Es geht um die ganzheitliche Gesundheit der Menschen: die Psyche, den Körper des Menschen. Wir müssen die Gesundheit in den Vordergrund stellen, damit auch die Wirtschaft in Zukunft funktionieren kann. Wir dürfen die Natur nicht weiter zerstören, denn auch das wirkt sich auf die Gesundheit aus. Ich hoffe, dass die Menschheit es schafft, eben nicht nur nach dem Motto „immer weiter, immer schneller, immer höher“ zu denken. Wir brauchen eine Rückbesinnung auf die eigentlichen Werte, auf die Natur, auf den Menschen.
Sie sind jetzt 97 Jahre alt. Wie schafft man es, so alt zu werden?

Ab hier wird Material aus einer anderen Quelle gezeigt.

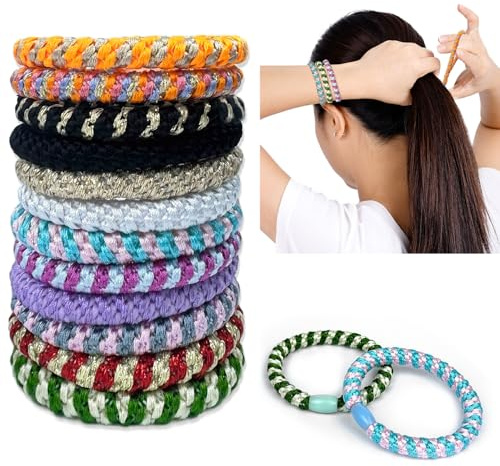 12 St Hårband, Hästsvanshållare Med Blandade Färger Resårer Inga Skador Armband Stretch Hår Bobbles för Kvinnor Flickor Tunt/Tjockt/Medellång/Långt Hår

Ich bin jetzt fast 100 Jahre – ganz ohne Technik. Ich habe nur eine Prothese. Ansonsten habe ich immer versucht, geistig und körperlich aktiv zu sein. Auch eine Regelmäßigkeit ist wichtig, zum Beispiel ein regelmäßiger Schlaf. Außerdem versuche ich, immer positiv zu denken und versuche zu retten, was zu retten ist. Daher habe ich Ihnen auch einen scharfen Brief geschrieben, um darauf aufmerksam zu machen, dass Gehirnchips eine Gefahr sein können und eben nicht nur als Heilbringer gesehen werden dürfen. Ich habe auch die Einstellung, Ehrfurcht vor allem Leben zu haben. Die habe ich vor allem im Krieg gewonnen, als ich Sanitäter war. Auch die Liebe zu Frau und Kindern ist wichtig, die Liebe zu Menschen. Aristoteles hat gesagt: Wenn die Liebe auf dem Erdball herrschen würde, dann könnten wir alle Gesetze außer Kraft setzen. Und was ich besonders liebe, ist der Wald.
Wieso den Wald?
Der Wald ist der Gesundheitsbringer. Die Japaner haben schon vor 30 Jahren damit angefangen, den Wald als Medizin zu sehen und sprechen von Waldbaden. Das bedeutet, man geht in den Wald, lässt alles auf sich einwirken. Ein regelmäßiges Waldbaden kann Krebs verhindern, den Herz-Kreislauf stärken. Heute Morgen war ich mit meiner Frau zwei Stunden im Wald unterwegs – natürlich langsam und mit vielen Pausen. Es tut der Psyche und dem Körper gut. Ich habe mir fest vorgenommen, 100 Jahre alt zu werden. Zweieinhalb Jahre habe ich noch vor mir – das schaffe ich auch noch.
Zur Person
Karl Hecht, Jahrgang 1924, ist Professor für Neurophysiologie und emeritierter Professor für experimentelle und klinische pathologische Physiologie der Humboldt-Universität zu Berlin (Charité). Die Schwerpunkte seiner Forschungsarbeiten: Stress-, Schlaf-, Chrono-, Umwelt-, Weltraummedizin, Neuropsychobiologie und Neurowissenschaften. Karl Hecht ist Mitglied der Russischen Akademie der Wissenschaften in Moskau, der International Academy of Astronautics in Paris und hat in zahlreichen wissenschaftlich-medizinischen Organisationen, insbesondere in der DDR, mitgewirkt. Der in Sachsen-Anhalt geborene Wissenschaftler ist 97 Jahre alt und lebt in Köpenick.